## WORK REQUIRED
Note the line containing "Korff Collagen Age"; from it through the last line below, give only those lines again, exactly, both ends included, skipping pictures.

(SUPPLIED DATA Opens)

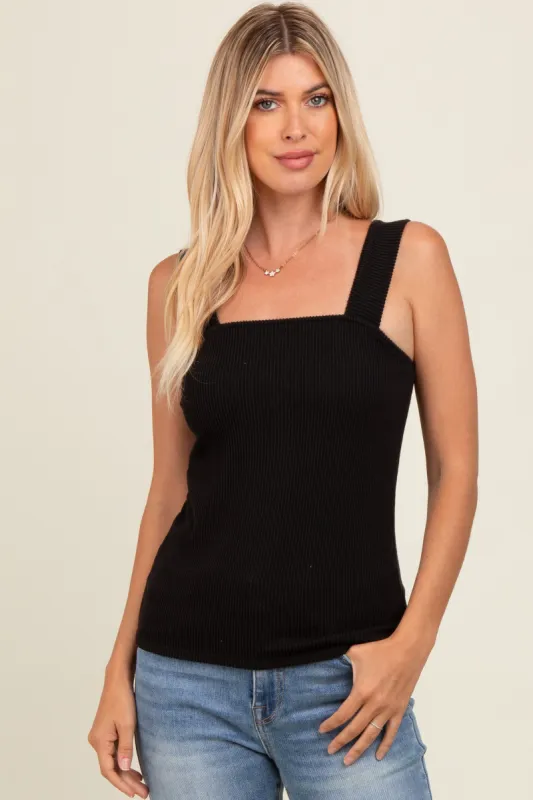 Black Ribbed Square Neck Tank Top sold by Pinkblush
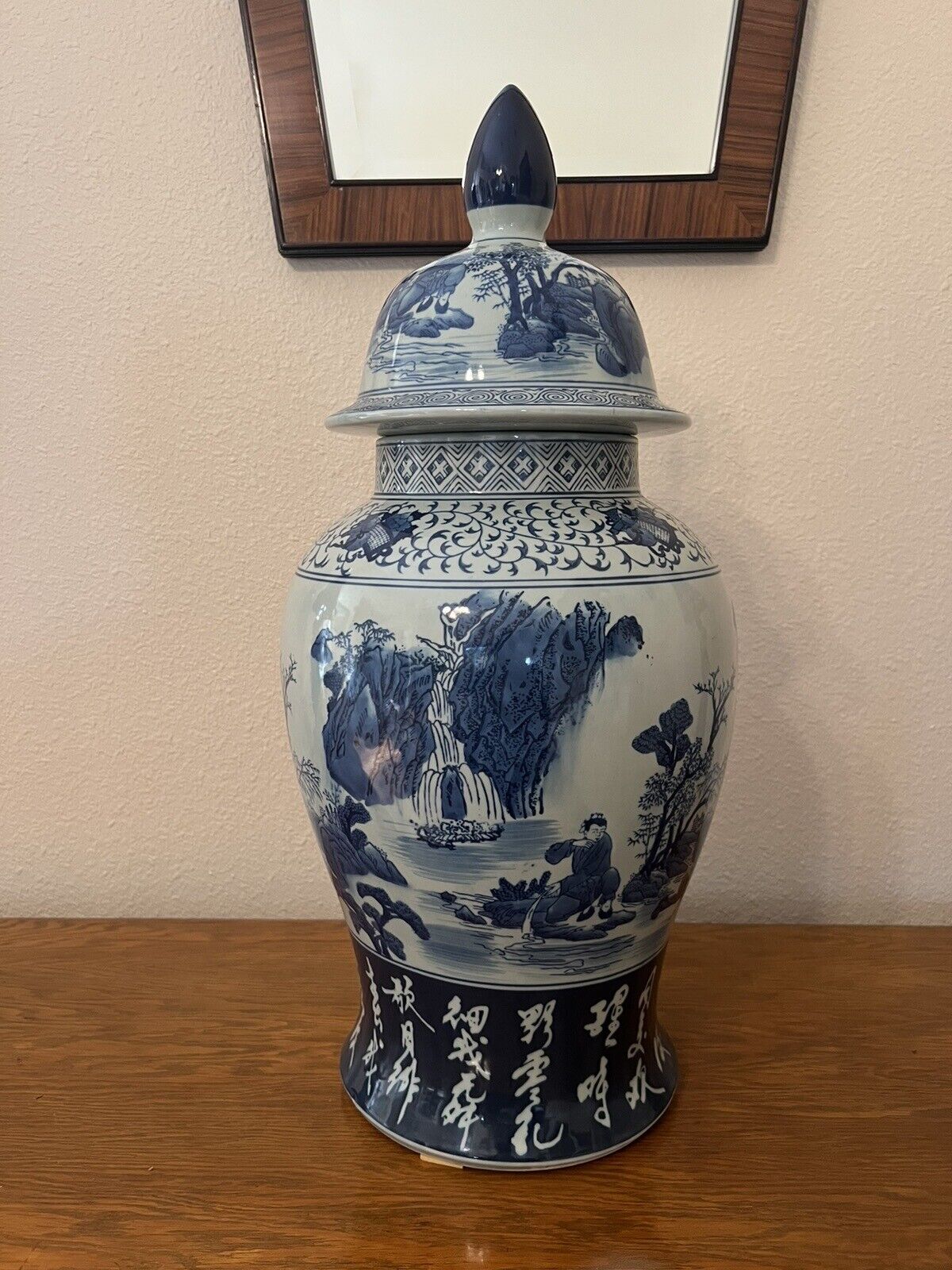 Large Blue And White Ginger Jar 25 Inches Height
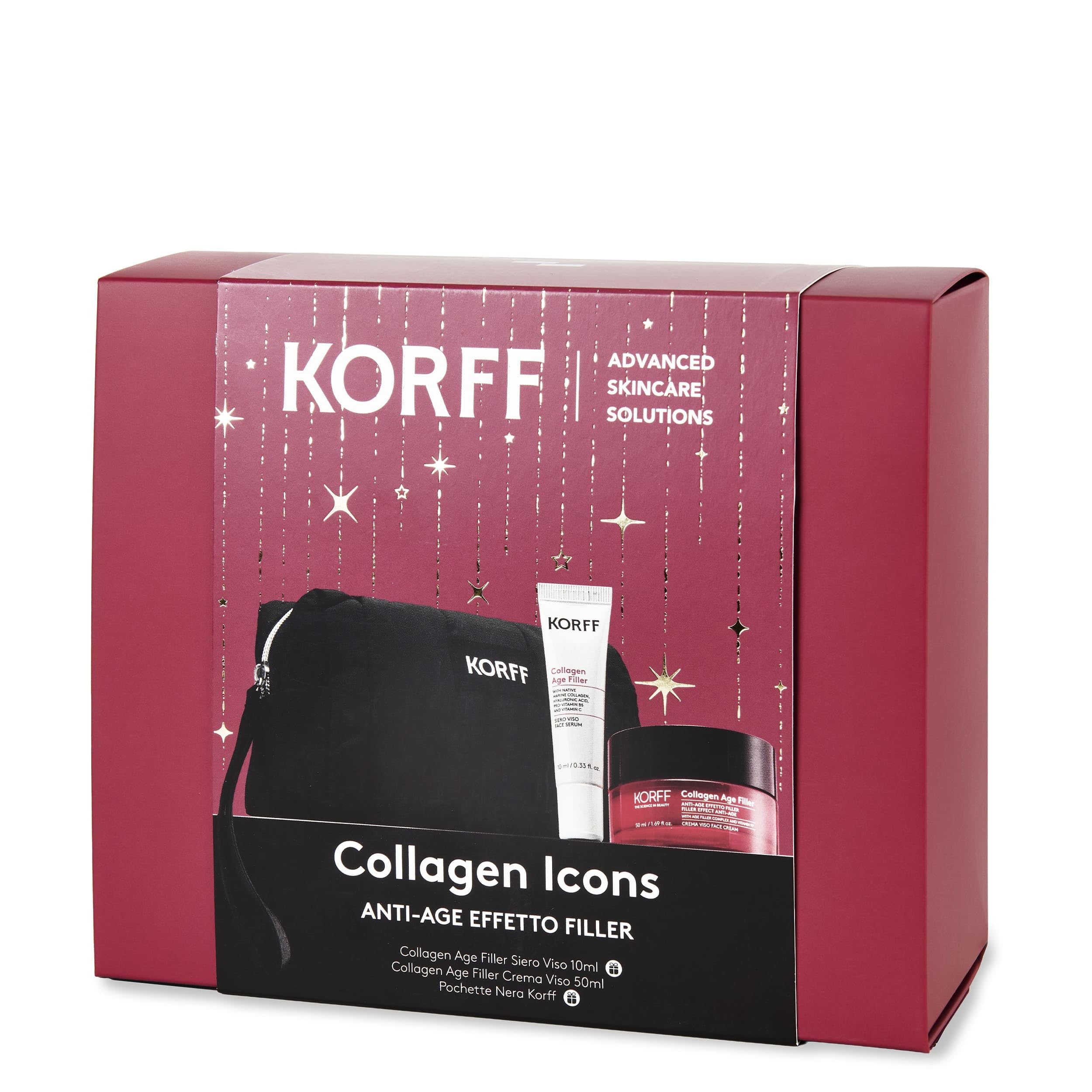 Korff Collagen Age Filler Icons, Cofanetto Siero 10ml + Crema 50ml, Anti-età Levigante e Rimpolpante con Collagene Marino, Acido Ialuronico e Niacinamide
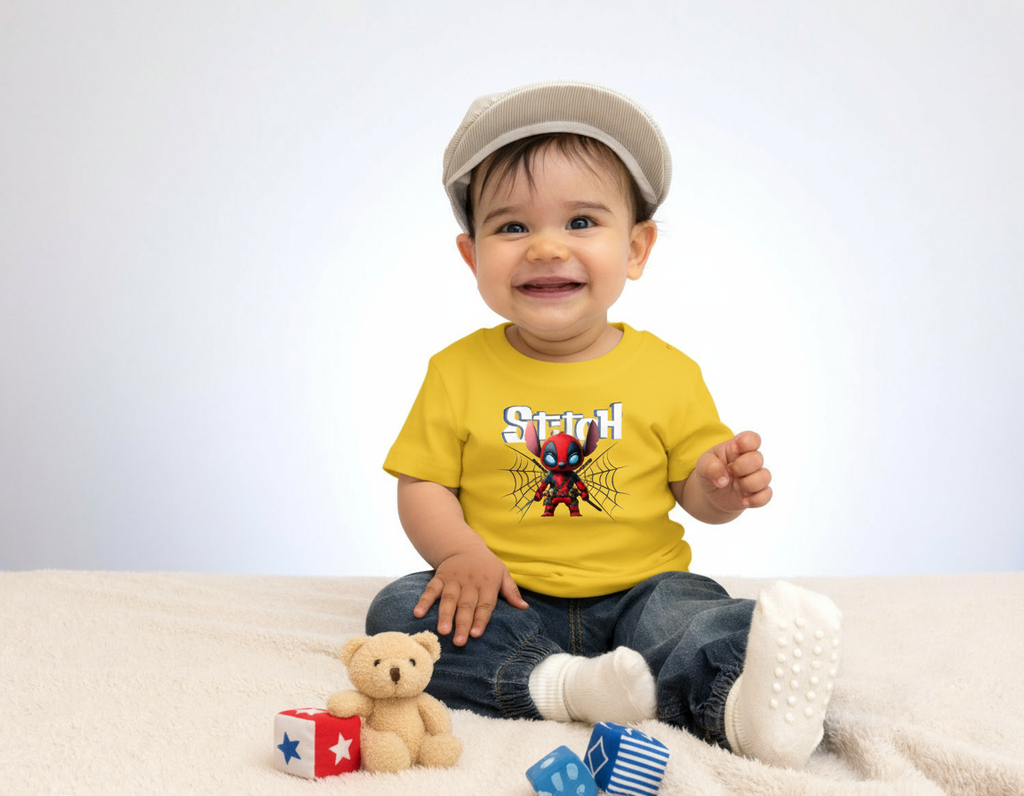 Funny Baby Boy Deadpool Stitch Tshirt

(SUPPLIED DATA Closes)

## EXERCISE RESPONSE
 Korff Collagen Age Filler Icons, Cofanetto Siero 10ml + Crema 50ml, Anti-età Levigante e Rimpolpante con Collagene Marino, Acido Ialuronico e Niacinamide
 Funny Baby Boy Deadpool Stitch Tshirt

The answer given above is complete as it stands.